В сорок пятом детский дом вернулся в Ленинград. Люба воспитывалась в этом детдоме, получила в 17 лет аттестат зрелости, осталась работать в нем нянечкой, а, поступив в вечернее педучилище, стала воспитателем. Вышла замуж, через год развелась – муж оказался неисправимым алкашом. Слава богу, не успели завести детей. Больше она к замужеству не стремилась, слишком много драматических историй детей своего же детдома стали для нее наукой жизни.

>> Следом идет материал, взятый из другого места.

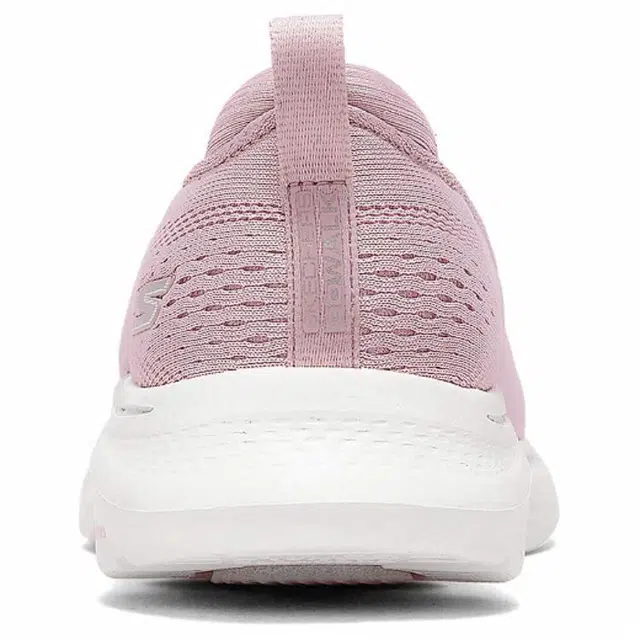 Skechers WOMEN'S GO WALK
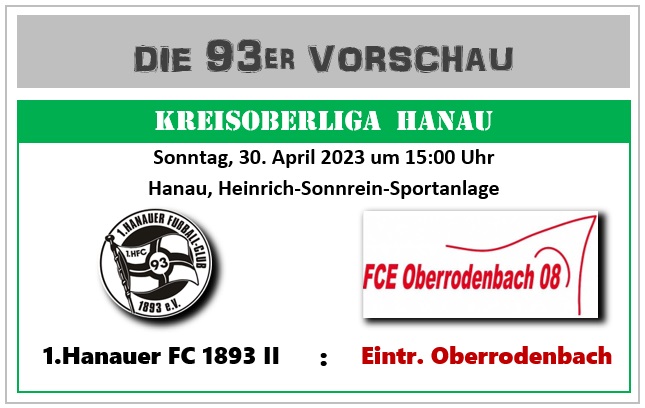 2023-04-30_93er KOL-Plakat Oberrodenbach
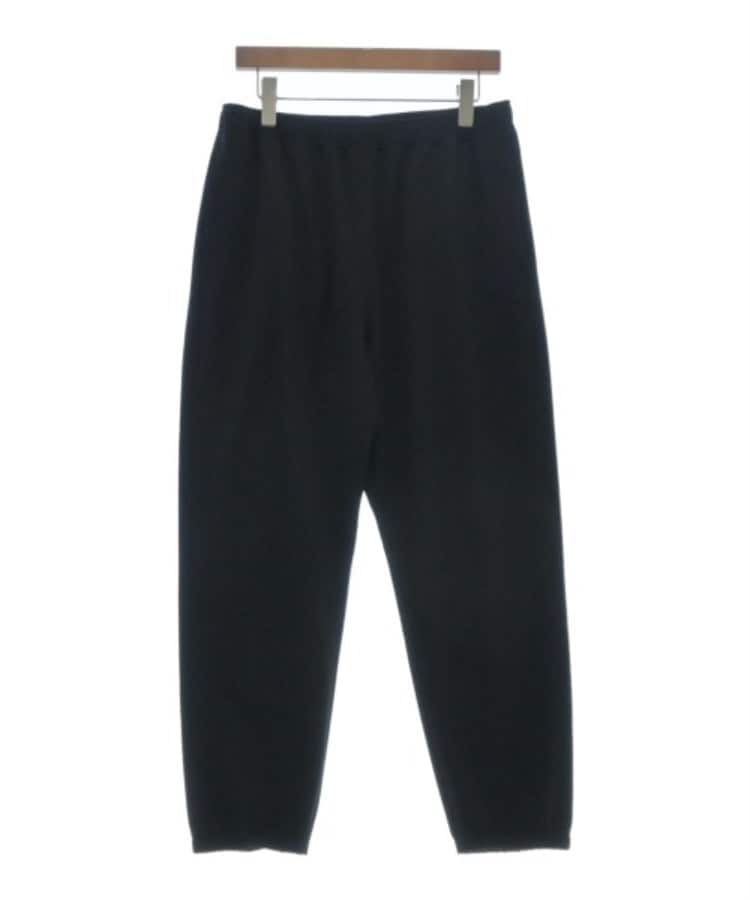ラグタグ(RAGTAG)のBEAUTY&YOUTH UNITED ARROWS ビューティーアンドユースユナイテッドアローズ メンズ パンツ（その他） サイズ：XL1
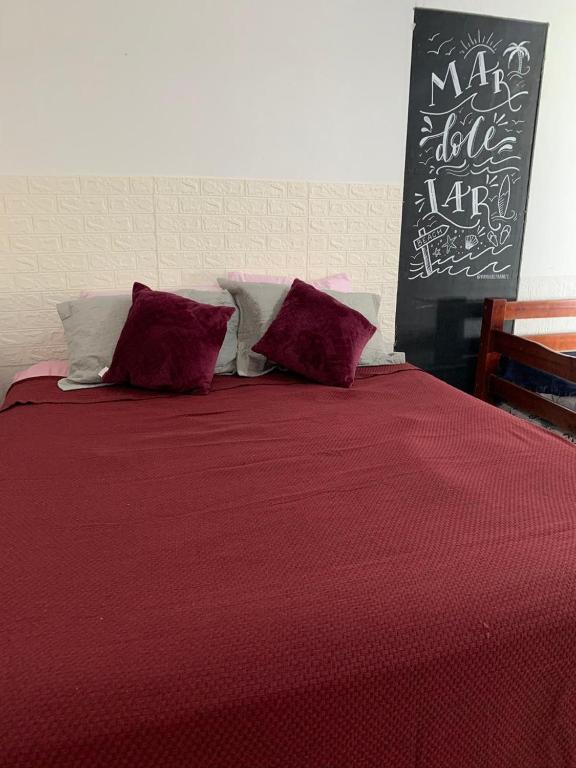  Suites Família Cardoso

Назарова стала директором в двадцать пять лет после ухода предшественницы на пенсию. У Любови Степановны был свой личный опыт – на отрицательных примерах делала выводы, что недопустимо в стенах родного для нее этого дома. И когда была ребенком и когда стала работником, видела грубость, невнимательность, лень нянечек, воспитателей, преподавателей, медсестер. Знала, что домой уносят сэкономленные продукты.
Мизерные заработки персонала, в том числе и ее директорский оклад, для нее никогда не было оправданием воровства. Безжалостно увольняла несунов, сутками работала, когда не хватало сотрудников. Работала на износ, ее зычный голос гремел на этажах, но дети не боялись, так как знали, что она гоняет нерадивых няней и воспитателей.
К детям же Любовь Степановна относилась с искренним материнским чувством, поскольку сама же прошла через такое ущемленное детство. И они отвечали ей тем же – тянулись к ней, ласкались, обнимали ее, громко радовались, когда она объявляла о прогулках с нею.
Назарова жалела их всех и каждого персонально. Умом понимала причины отказов родителей от своих детей, но сердцем не прощала это никому. Особую боль испытывала от брошенных малышей на улицах, которые легко могли стать и становились жертвами нелюдей или погибнуть от холода, голода, травм и болезней, о чем тоже знала не понаслышке.
Она очень настороженно относилась к усыновлению детей вообще, а ее (всех детей в детском доме она считала своими) детей особенно.
Она, в принципе, понимала, что детям будет лучше в семье, но знала и о том, что иногда детей усыновляют не ради ребенка, а для себя любимых, что не так уж и редко приводит к отказу от усыновления и возврату ребенка. И это самая жуткая трагедия, которая причиняет незаживающую психологическую травму ребенку.
Любовь Степановна, став самым молодым директором в системе воспитания и содержания сирот, проявила мудрость руководителя в создании коллектива единомышленников, причем делала это не по принципу «новая метла…», да и какая она «новая», а последовательно, поштучно меняя персонал.
Уходили пожилые кадры на пенсию, изгонялись схваченные с поличным те, кто уносил продукты, медленно, но упорно она избавлялась от нервных нянечек и воспитателей, срывающих свои личные проблемы и настроение на детях.
Замену им искала не путем объявлений или направлений к ней районным отделом народного образования, то есть РОНО – бюрократической машиной, а в педучилищах, медицинских училищах, в пед- и мед- институтах. Она находила контакты с руководителями, получала доступ к данным о выпускниках, тщательно изучала их, беседовала с преподавателями и, разумеется, с потенциальными кандидатурами.